Work instructions: Everything from the line containing "line art vintage" through the end of the entries should be transcribed exactly. Leave out all other lines.

-=-=-

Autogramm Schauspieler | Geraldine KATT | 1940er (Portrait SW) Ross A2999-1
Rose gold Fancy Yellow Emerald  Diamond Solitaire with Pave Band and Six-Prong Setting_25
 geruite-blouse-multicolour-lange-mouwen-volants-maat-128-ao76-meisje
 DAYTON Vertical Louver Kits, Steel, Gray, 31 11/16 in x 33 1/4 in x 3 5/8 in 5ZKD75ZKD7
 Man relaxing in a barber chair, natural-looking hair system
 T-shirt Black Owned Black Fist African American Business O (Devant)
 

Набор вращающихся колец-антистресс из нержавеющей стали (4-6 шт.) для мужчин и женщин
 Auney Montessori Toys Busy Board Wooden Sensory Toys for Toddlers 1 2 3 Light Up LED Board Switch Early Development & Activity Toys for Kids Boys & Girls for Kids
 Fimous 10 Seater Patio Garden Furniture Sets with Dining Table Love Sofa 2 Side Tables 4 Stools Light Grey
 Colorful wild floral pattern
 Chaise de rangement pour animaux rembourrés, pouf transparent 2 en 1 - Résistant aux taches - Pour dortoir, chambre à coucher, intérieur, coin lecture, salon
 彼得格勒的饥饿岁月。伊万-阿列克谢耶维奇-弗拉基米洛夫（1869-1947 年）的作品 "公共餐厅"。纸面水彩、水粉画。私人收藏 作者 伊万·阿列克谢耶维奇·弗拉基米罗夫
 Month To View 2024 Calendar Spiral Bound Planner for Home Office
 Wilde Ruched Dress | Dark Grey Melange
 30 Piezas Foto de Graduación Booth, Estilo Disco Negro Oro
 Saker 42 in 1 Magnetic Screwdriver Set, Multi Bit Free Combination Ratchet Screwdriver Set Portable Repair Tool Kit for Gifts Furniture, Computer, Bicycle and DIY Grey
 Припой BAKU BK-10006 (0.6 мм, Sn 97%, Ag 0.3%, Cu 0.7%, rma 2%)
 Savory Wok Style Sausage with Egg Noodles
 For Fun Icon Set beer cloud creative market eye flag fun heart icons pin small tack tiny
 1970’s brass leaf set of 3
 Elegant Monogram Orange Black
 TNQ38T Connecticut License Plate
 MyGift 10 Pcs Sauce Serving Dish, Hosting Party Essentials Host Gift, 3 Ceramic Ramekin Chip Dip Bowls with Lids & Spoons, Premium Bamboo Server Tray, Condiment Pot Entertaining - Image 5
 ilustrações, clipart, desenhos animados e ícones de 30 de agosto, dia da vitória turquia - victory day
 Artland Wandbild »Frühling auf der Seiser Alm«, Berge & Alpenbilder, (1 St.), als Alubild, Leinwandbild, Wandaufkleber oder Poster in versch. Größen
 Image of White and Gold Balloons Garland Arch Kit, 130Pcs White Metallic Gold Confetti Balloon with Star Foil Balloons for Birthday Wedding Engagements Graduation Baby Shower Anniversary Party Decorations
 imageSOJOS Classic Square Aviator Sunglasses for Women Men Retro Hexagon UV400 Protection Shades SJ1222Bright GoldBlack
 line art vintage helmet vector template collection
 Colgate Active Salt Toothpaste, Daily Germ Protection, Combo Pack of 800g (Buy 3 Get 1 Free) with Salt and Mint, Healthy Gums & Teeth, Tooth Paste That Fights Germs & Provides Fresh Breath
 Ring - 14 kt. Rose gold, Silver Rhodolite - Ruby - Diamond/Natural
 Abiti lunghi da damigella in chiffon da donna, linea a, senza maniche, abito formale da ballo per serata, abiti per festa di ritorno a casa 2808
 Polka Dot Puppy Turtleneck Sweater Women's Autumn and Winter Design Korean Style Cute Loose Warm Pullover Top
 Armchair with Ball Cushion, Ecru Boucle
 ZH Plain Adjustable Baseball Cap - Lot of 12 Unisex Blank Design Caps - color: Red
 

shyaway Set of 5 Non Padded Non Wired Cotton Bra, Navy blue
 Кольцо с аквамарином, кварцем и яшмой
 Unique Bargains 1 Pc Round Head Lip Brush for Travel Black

-=-=-

Problem solution:
 line art vintage helmet vector template collection
 Colgate Active Salt Toothpaste, Daily Germ Protection, Combo Pack of 800g (Buy 3 Get 1 Free) with Salt and Mint, Healthy Gums & Teeth, Tooth Paste That Fights Germs & Provides Fresh Breath
 Ring - 14 kt. Rose gold, Silver Rhodolite - Ruby - Diamond/Natural
 Abiti lunghi da damigella in chiffon da donna, linea a, senza maniche, abito formale da ballo per serata, abiti per festa di ritorno a casa 2808
 Polka Dot Puppy Turtleneck Sweater Women's Autumn and Winter Design Korean Style Cute Loose Warm Pullover Top
 Armchair with Ball Cushion, Ecru Boucle
 ZH Plain Adjustable Baseball Cap - Lot of 12 Unisex Blank Design Caps - color: Red
 

shyaway Set of 5 Non Padded Non Wired Cotton Bra, Navy blue
 Кольцо с аквамарином, кварцем и яшмой
 Unique Bargains 1 Pc Round Head Lip Brush for Travel Black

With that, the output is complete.